At the applicant's trial for assault, robbery, attempted murder
and contraventions of the Firearms Act 1965, the applicant pointed out
one of these witnesses, an 11 year old boy, in the court room and this
witness gave evidence that he had been shown the applicant in a police
cell. The other witness had not been located at that time.
For his defence, the applicant lodged a special defence of
alibi to the effect that his car had broken down in the vicinity of
the crime and that he was arrested while making his way on foot to
seek assistance. His car was made a production for the prosecution
who contended that it was the "getaway" car. The applicant's
solicitor employed an independent engineer to examine the car to
substantiate the applicant's assertion that the car had a mechanical
fault which appeared after it had been driven 8-12 miles. While the
engineer made an examination of the car, the police refused the
engineer permission to carry out a road-test. Prior to the trial a
Q.C. acting for the applicant and the co-defendant had obtained
permission from the court for an expert for the defence to examine
production for the prosecution and an expert duly carried out an
examination of the car, without requesting to road-test it.
The applicant was convicted of armed robbery on 27 November
1985 and was sentenced to 20 years' imprisonment.

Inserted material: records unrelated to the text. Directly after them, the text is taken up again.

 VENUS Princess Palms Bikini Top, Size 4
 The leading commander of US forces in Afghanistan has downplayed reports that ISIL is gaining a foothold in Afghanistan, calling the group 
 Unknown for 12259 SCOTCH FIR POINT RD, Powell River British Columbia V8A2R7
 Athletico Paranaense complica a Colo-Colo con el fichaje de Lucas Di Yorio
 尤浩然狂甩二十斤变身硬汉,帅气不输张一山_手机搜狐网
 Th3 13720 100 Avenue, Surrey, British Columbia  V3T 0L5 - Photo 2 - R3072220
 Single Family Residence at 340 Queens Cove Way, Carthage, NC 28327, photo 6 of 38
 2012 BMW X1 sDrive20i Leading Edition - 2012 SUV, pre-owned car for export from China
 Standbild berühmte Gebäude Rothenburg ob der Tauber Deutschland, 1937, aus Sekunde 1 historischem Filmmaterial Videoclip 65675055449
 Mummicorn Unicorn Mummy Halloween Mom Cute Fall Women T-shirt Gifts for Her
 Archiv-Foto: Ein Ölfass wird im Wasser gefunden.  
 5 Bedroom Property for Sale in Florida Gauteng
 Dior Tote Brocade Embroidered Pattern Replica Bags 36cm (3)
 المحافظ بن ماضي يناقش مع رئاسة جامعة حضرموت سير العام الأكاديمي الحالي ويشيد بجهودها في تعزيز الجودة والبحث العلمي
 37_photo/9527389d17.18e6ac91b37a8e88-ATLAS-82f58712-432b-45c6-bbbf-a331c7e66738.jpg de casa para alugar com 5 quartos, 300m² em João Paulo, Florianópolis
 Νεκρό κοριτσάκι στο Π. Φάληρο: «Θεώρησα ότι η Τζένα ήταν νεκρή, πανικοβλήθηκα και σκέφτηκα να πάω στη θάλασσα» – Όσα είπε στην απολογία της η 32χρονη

The applicant appealed, alleging that the judge had
misdirected the jury in various respects and failed to deal fairly
with the evidence in his summing-up. While awaiting the hearing of
his appeal, the applicant asked to examine the two shotguns, which had
been produced at his trial. He was informed on the morning of his
appeal that the guns had been destroyed.
On 21 November 1986, the applicant presented his appeal in
person. His application for legal aid had been refused on 20 February
1986. The High Court dismissed his appeal against conviction finding
his grounds of appeal ill-founded. The Court also stated that the
applicant had sought to raise the point that there was another child
witness who had not identified the applicant as participating in the
robbery and that he had been unable to trace him. The Court held that
since this point was not included in the grounds of appeal the Court
could not deal with it. The applicant's prison sentence was however
reduced from 20 to 14 years.
Since the applicant's appeal, the applicant has learned that
several of the police officers involved in the investigation of his
case have been charged with offences inter alia of perjury, perverting
the course of justice, improper police practice, attempting to bribe
witnesses and threatening witnesses. The applicant petitioned the
Secretary of State on 5 December 1986 alleging inter alia that the
case against him was fabricated by these officers and that he was not
allowed to secure a proper examination of the car. By reply of 28
April 1987, the applicant was informed that a full investigation had
disclosed no grounds on which the Secretary of State could take
further action. In relation to the car, it was stated that an
independent engineer had examined the car on the applicant's behalf
and had given evidence that the radiator tank was dry and would have
overheated if driven any distance. He had been refused permission to
carry out a road-test since it was a production in an important case.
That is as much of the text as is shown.